THE TASK
For the data that follows, print the line with "Natural Mahogany 7-Drawer", the line with "[40058_WS-36] T-Shirt mit Spitzensaum (36)", and all lines between them, exactly as they stand. Omit pictures and add nothing.

EXERCISE MATERIALS

★ ★ ★ ★ ★ ★ ★

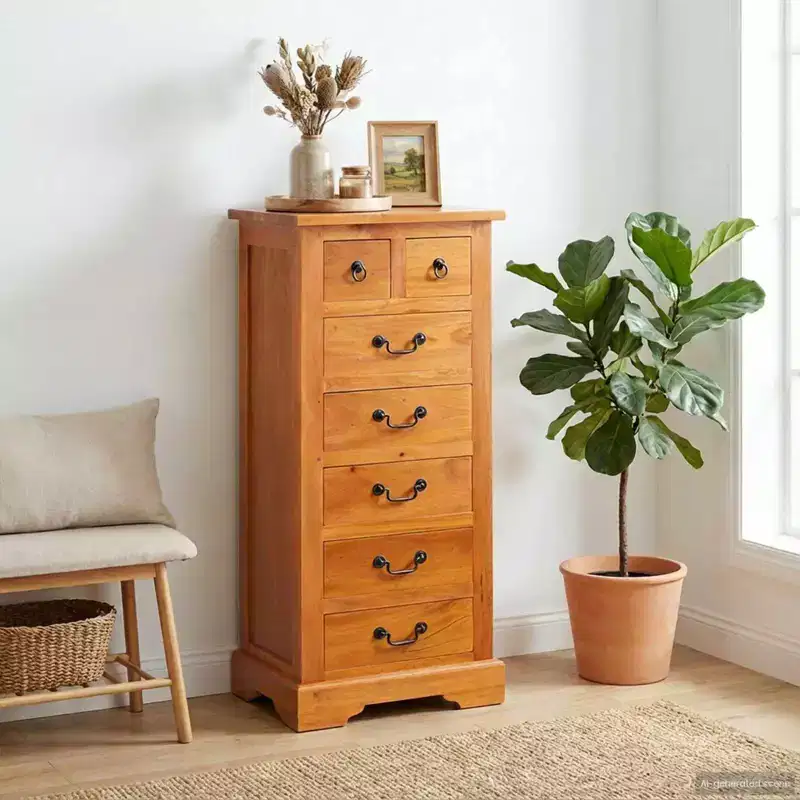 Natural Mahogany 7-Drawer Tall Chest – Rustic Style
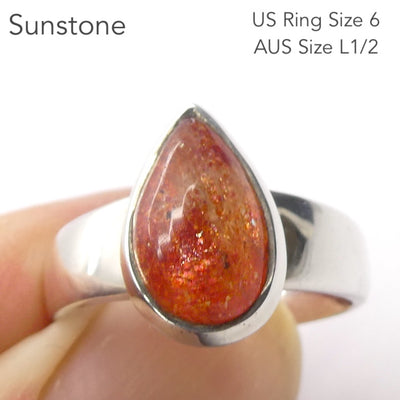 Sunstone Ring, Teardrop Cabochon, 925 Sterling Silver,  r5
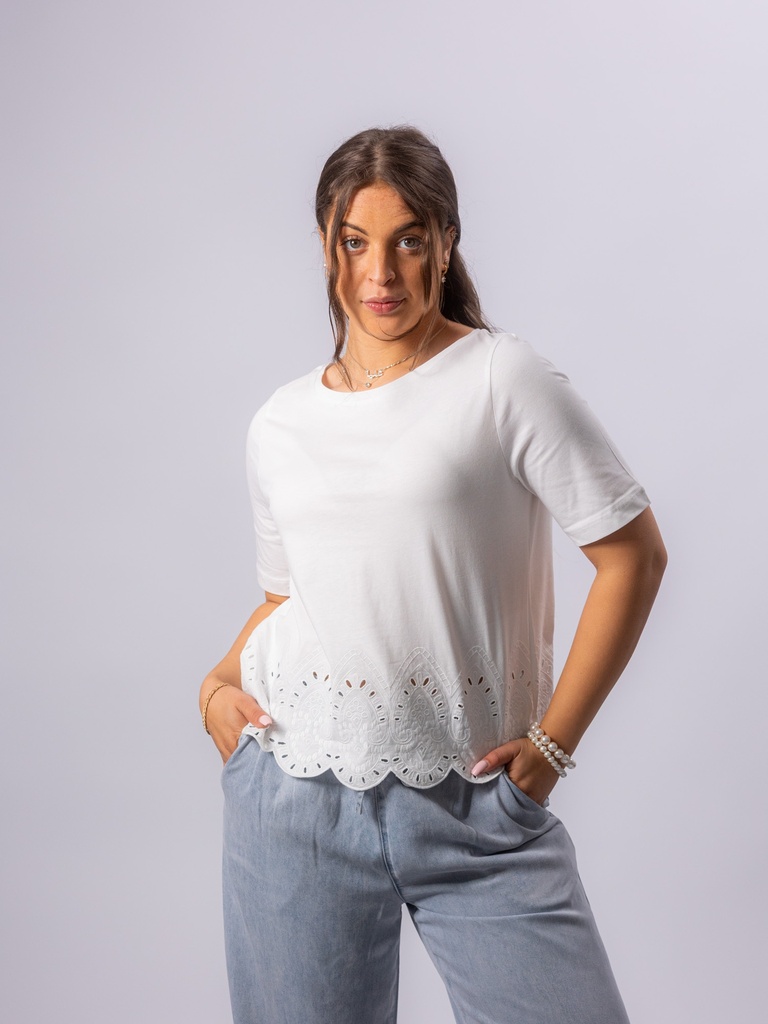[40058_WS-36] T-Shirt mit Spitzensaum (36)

★ ★ ★ ★ ★ ★ ★

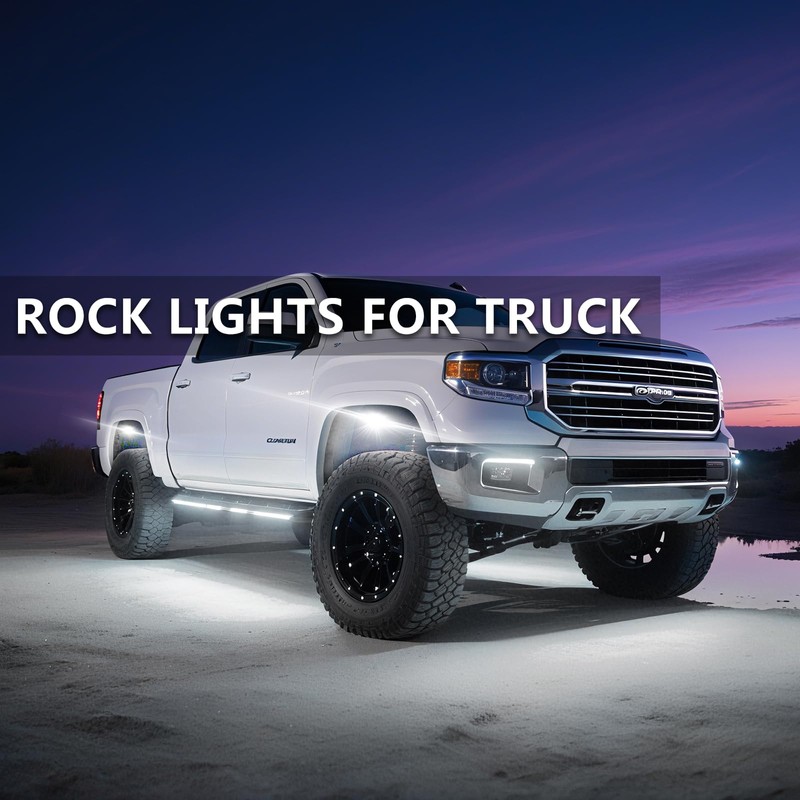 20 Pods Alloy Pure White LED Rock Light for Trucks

★ ★ ★ ★ ★ ★ ★

RESULT FOR THIS EXERCISE
 Natural Mahogany 7-Drawer Tall Chest – Rustic Style
 Sunstone Ring, Teardrop Cabochon, 925 Sterling Silver,  r5
[40058_WS-36] T-Shirt mit Spitzensaum (36)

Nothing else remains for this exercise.